Claims
- 1. A method for generating coordinates for products in a combinatorial library based on features of corresponding building blocks, wherein distances between the coordinates represent relationships between the products, the method comprising the steps of:
(1) obtaining mapping coordinates for a subset of products in the combinatorial library; (2) obtaining building block features for the subset of products in the combinatorial library; (3) using a supervised machine learning approach to infer a mapping function ƒ that transforms the building block features for each product in the subset of products to the corresponding mapping coordinates for each product in the subset of products; and (4) encoding the mapping function ƒ in a computer readable medium, whereby the mapping function ƒ is useful for generating coordinates for additional products in the combinatorial library from building block features associated with the additional products.
- 2. The method according to claim 1, further comprising the step of:
(5) providing building blocks features for at least one additional product to the mapping function ƒ, wherein the mapping function ƒ outputs generated mapping coordinates for the additional product.
- 3. The method according to claim 1, wherein step (1) comprises generating the mapping coordinates for the subset of products.
- 4. The method according to claim 3, wherein step (1) further comprises the steps of:
(a) generating an initial set of mapping coordinates for the subset of products; (b) selecting two products from the subset of products; (c) refining the mapping coordinates of at least one product selected in step (1)(b) based on the coordinates of the two products and a distance between the two products so that the distance between the refined coordinates of the two products is more representative of the relationship between the products; and (d) repeating steps (1)(b) and (1)(c) for additional products until a stop criterion is obtained.

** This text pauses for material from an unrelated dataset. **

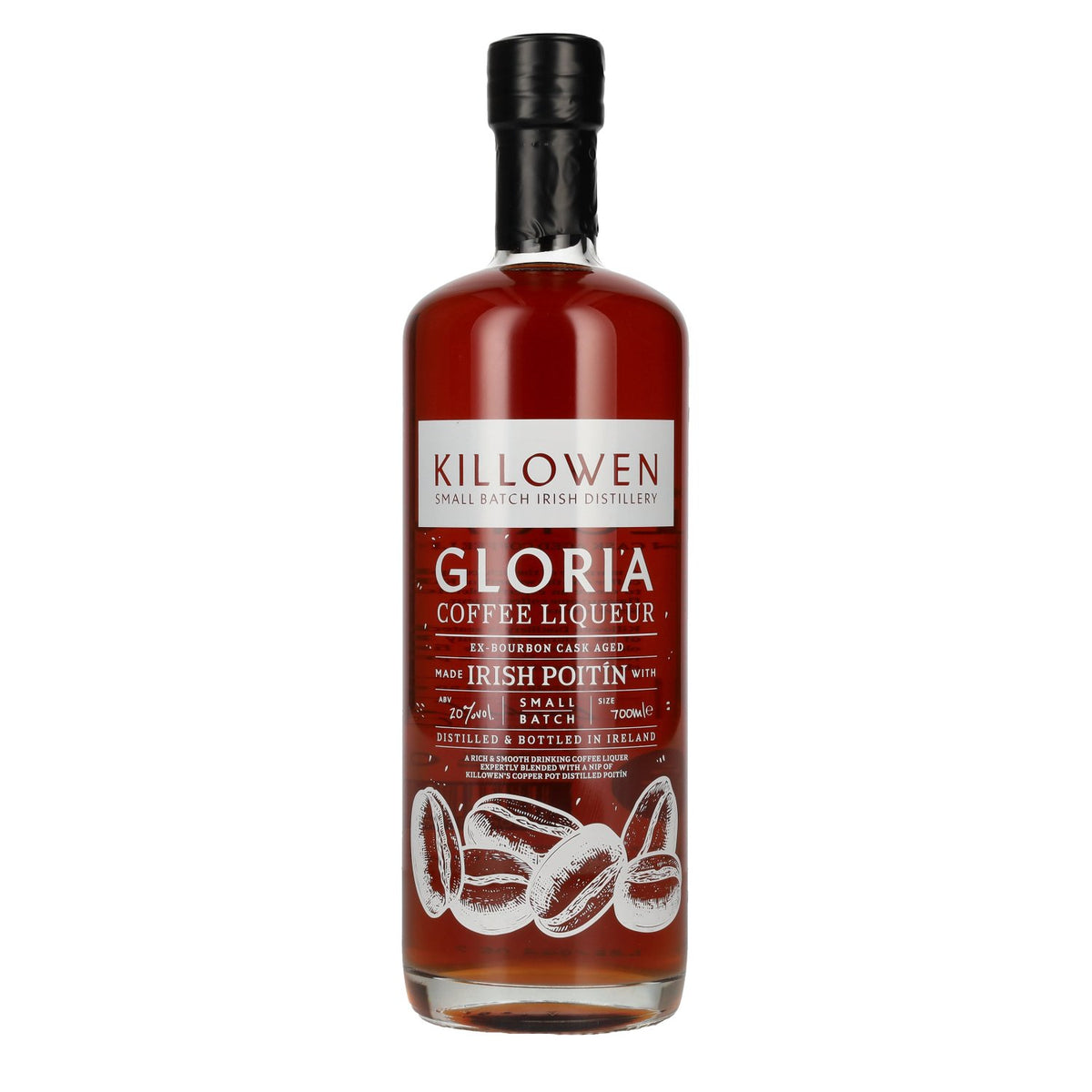 KILLOWEN Gloria Coffee Liqueur 20% vol. 0,7l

- 5. The method according to claim 1, wherein step (1) comprises calculating the mapping coordinates for the subset of products using a dimensionality reduction algorithm.
- 6. The method according to claim 1, wherein step (1) comprises retrieving the mapping coordinates for the subset of products from a computer readable medium.
- 7. The method according to claim 1, wherein step (2) comprises the step of:
using a laboratory measured value as a feature for each building block in at least one variation site in the combinatorial library.
- 8. The method according to claim 1, wherein step (2) comprises the step of:
using a computed value as a feature for each building block in at least one variation site in the combinatorial library.
- 9. The method according to claim 1, wherein at least some of the building block features represent reagents used to construct the combinatorial library.
- 10. The method according to claim 1, wherein at least some of the building block features represent fragments of reagents used to construct the combinatorial library.
- 11. The method according to claim 1, wherein at least some of the building block features represent modified fragments of reagents used to construct the combinatorial library.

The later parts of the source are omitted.